Electoral Commission SA
- Electoral Commission of South Australia LOGO

Agency overview
- Formed: 2009
- Preceding agencies: State Electoral Office (1993–2009); State Electoral Department (1907–1993);
- Jurisdiction: Government of South Australia
- Headquarters: Level 6, 60 Light Square, Adelaide
- Employees: 30 (2023)
- Annual budget: $16.5 million
- Minister responsible: Kyam Maher, Attorney General of South Australia, Minister for Industrial Relations and the Public Sector;
- Agency executive: Vacant, Electoral Commissioner;
- Website: Electoral Commission of South Australia

= Electoral Commission of South Australia =

South Australian election commission

The Electoral Commission SA is an independent office which forms part of the Government of South Australia, and which conducts parliamentary state elections every four years.

== History ==
In 1907 the then State Electoral Department was established to administer all South Australian parliamentary elections. It was renamed to State Electoral Office in 1993, and to Electoral Commission SA in 2009. Prior to this, elections in South Australia were administered by a "Returning Officer for the Province", an office which had been held by William Boothby from his appointment in 1854 until his death in 1903. George Hamilton Ayliffe, a long standing public servant, filled the role in the 1905 and 1906 elections and Charles Llandaff Mathews was the first state returning officer appointed under the State Electoral Department.

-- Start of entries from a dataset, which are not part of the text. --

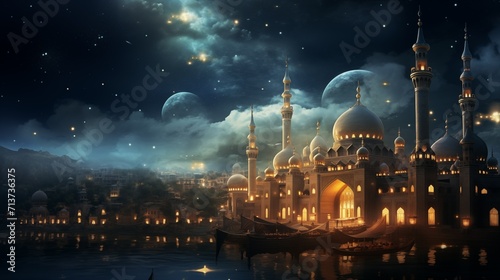 Ramadan Kareem background with mosque and people. Ramadan Kareem background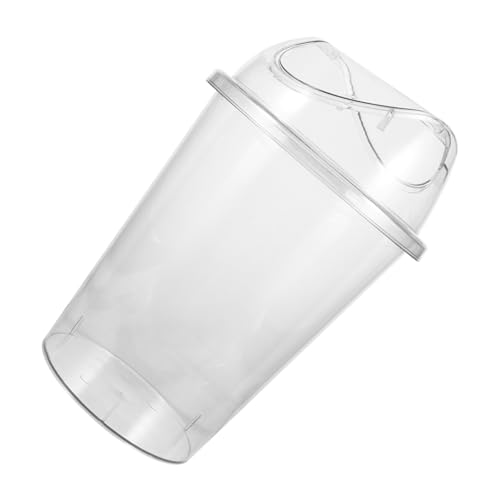 Cubo de basura grande transparente y fácil de limpiar con tapa redonda oscilante para cocina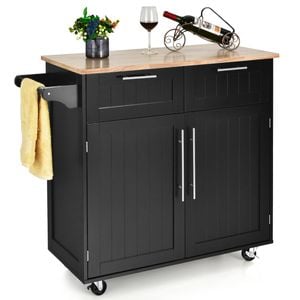 Costway Kitchen Island Trolley Serving Cart Rolling Storage Cabinet Black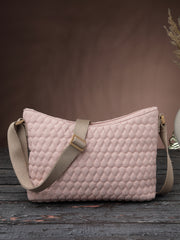 Drift Pastel Pink Polyester Quilted Sling Bag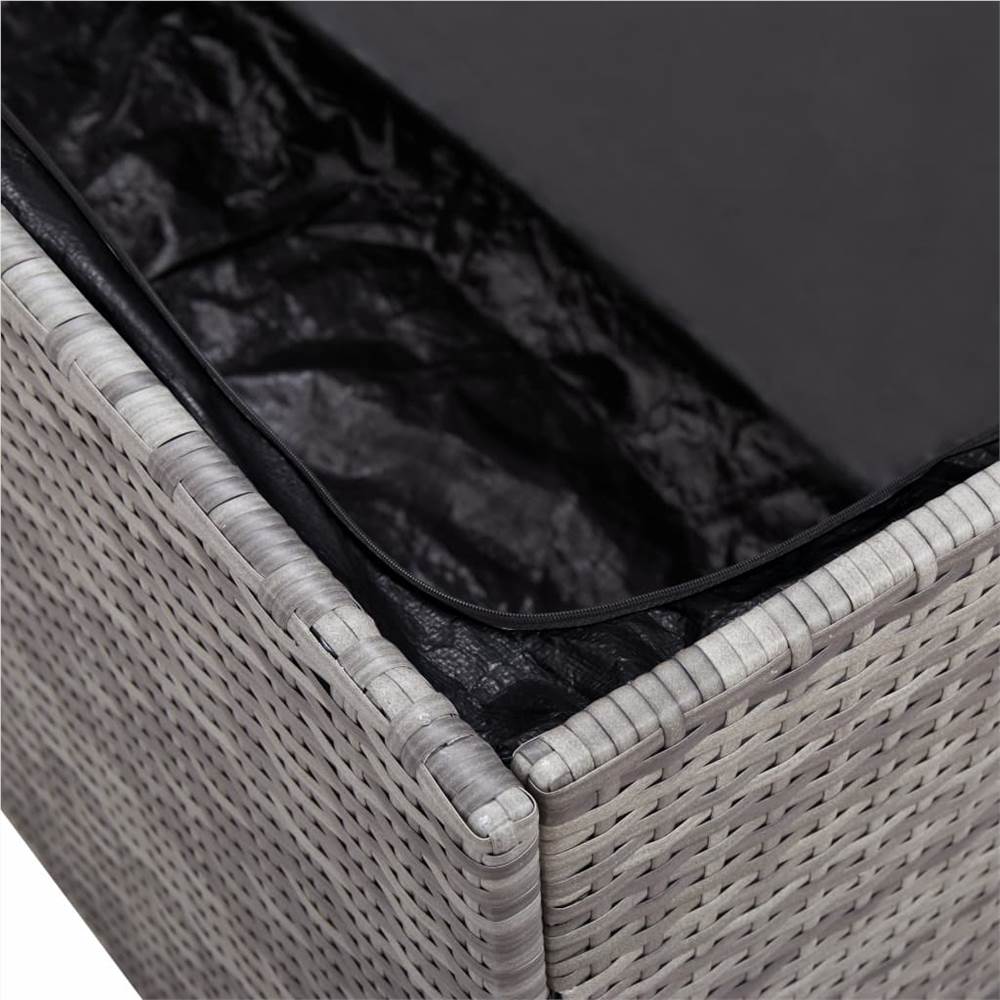 Garden Storage Box Grey 150x50x60 cm Poly Rattan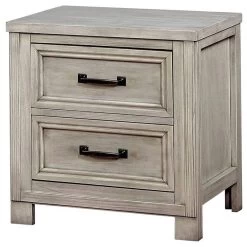 Transitional Nightstand, 2 Storage Drawers And USB Charging Port, Antique White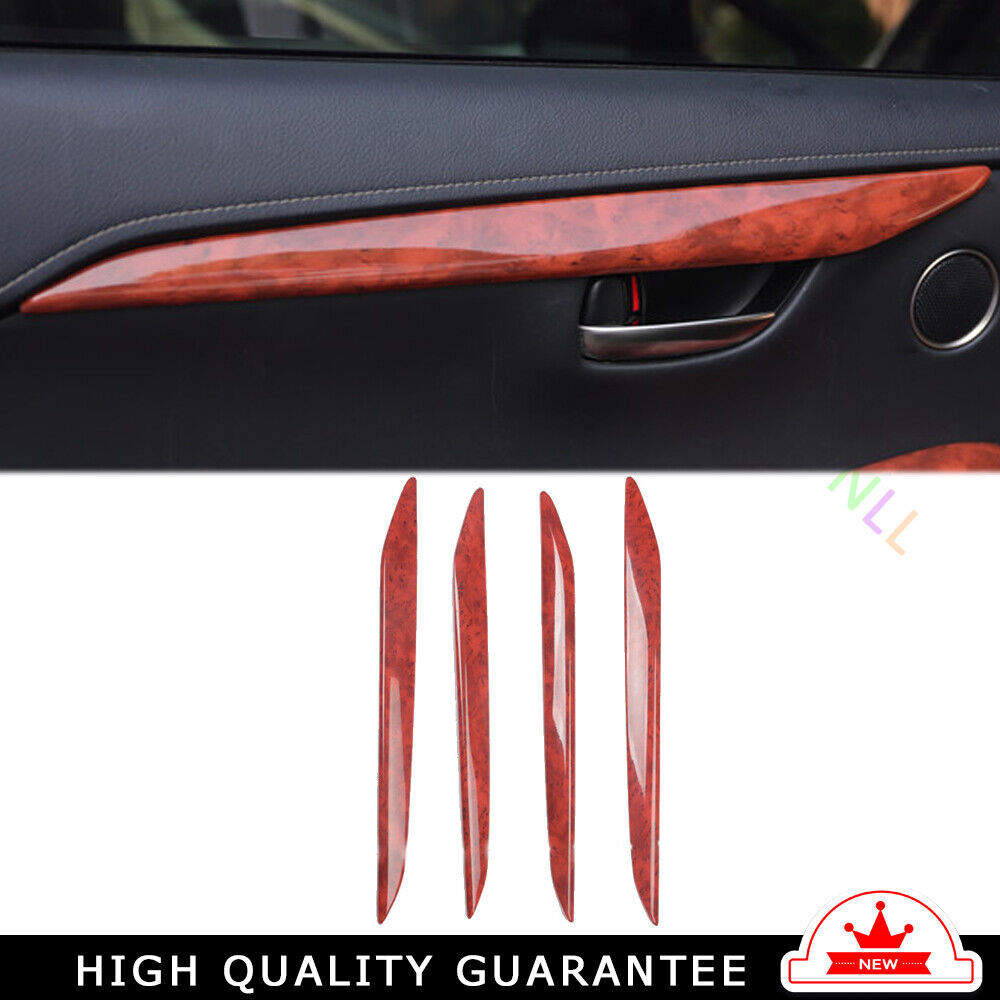 Car Inner Door Panel Cover Trim Strip 4PCS Fit for Lexus NX 2015-2020 Brown Wood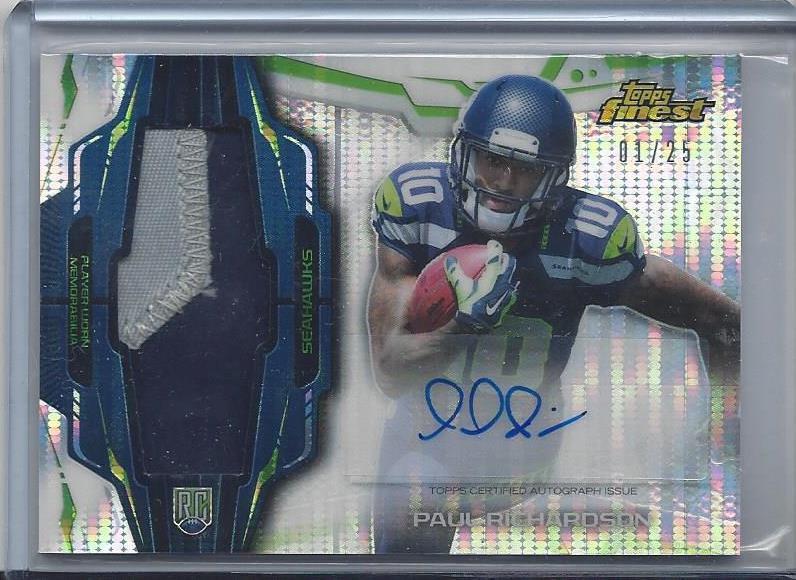 PAUL RICHARDSON 2014 FINEST PULSAR REFRACTOR RPA JUMBO PATCH AUTO RC #D 1/25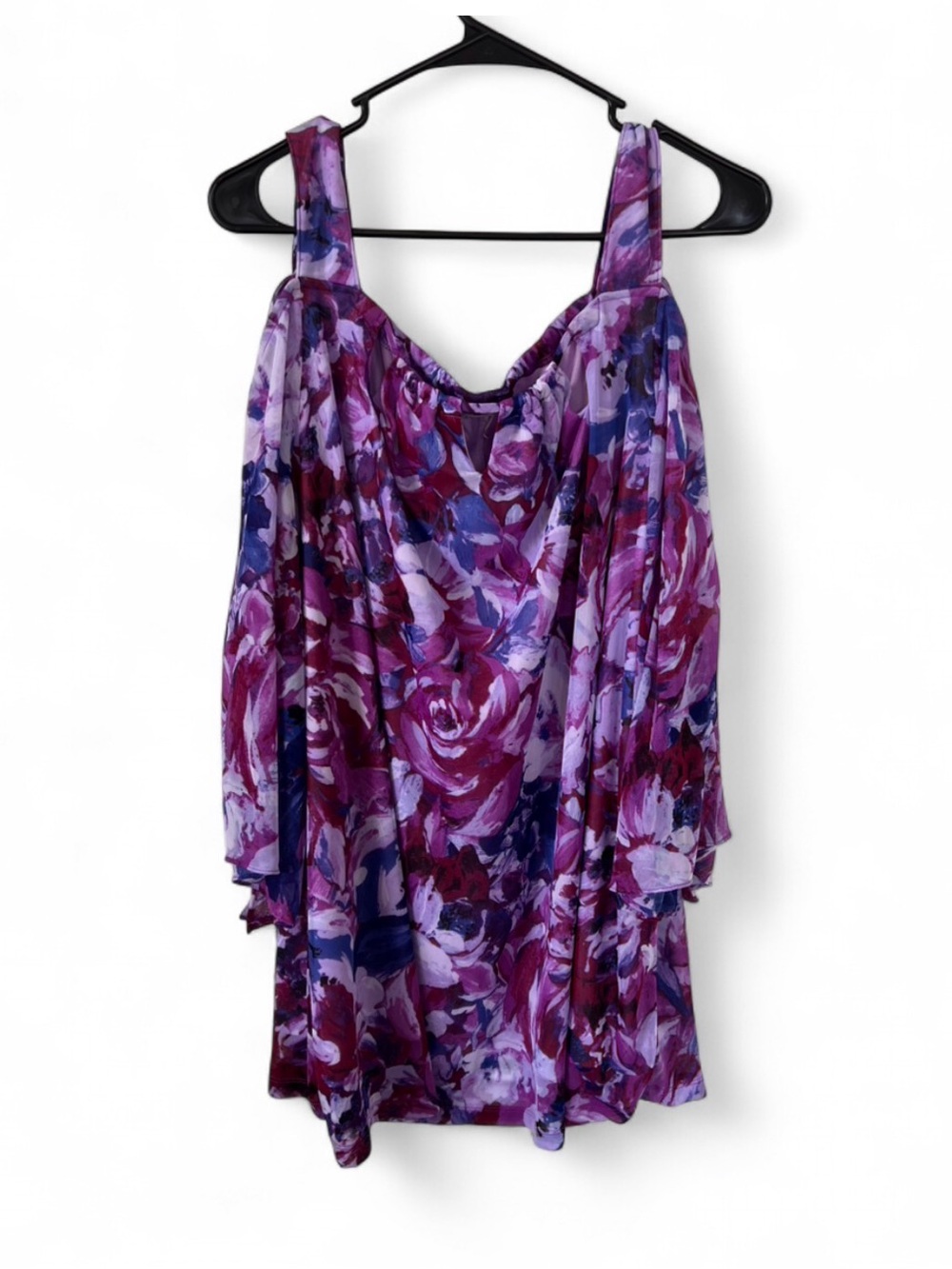 Women’s Purple Floral Cold-Shoulder Top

More than 120 parliamentary elections, by-elections and referendums have been conducted by this Office. The State Electoral Commissioner was first empowered to conduct miscellaneous elections in 1980, and later in 1990 the Attorney-General gave approval for the Commissioner to be appointed returning officer for local government elections when requested. In 1999 the Electoral Commissioner was appointed returning officer for all local government elections.

The Commission was the first electoral administration in the world to use computer technology to produce an electoral roll, the first prototype roll scanner, and the development and use of cardboard ballot boxes and voting compartments.

Mick Sherry was appointed commissioner in 2017; he took over from Kay Mousley, who was the first woman in the role. In 2026 Sherry resigned from the position after that year's state election was affected by multiple issues, including misplaced ballots, inadequate polling booth staff, computer glitches and late declarations of candidates for the upper house. Former Australian Electoral Commissioner Tom Rogers was appointed to lead an independent review of the elections.

==Redistributions==

Redistributions are handled by the South Australian Electoral Districts Boundaries Commission, an independent commission established under the state constitution. The electoral commissioner is a member of this commission.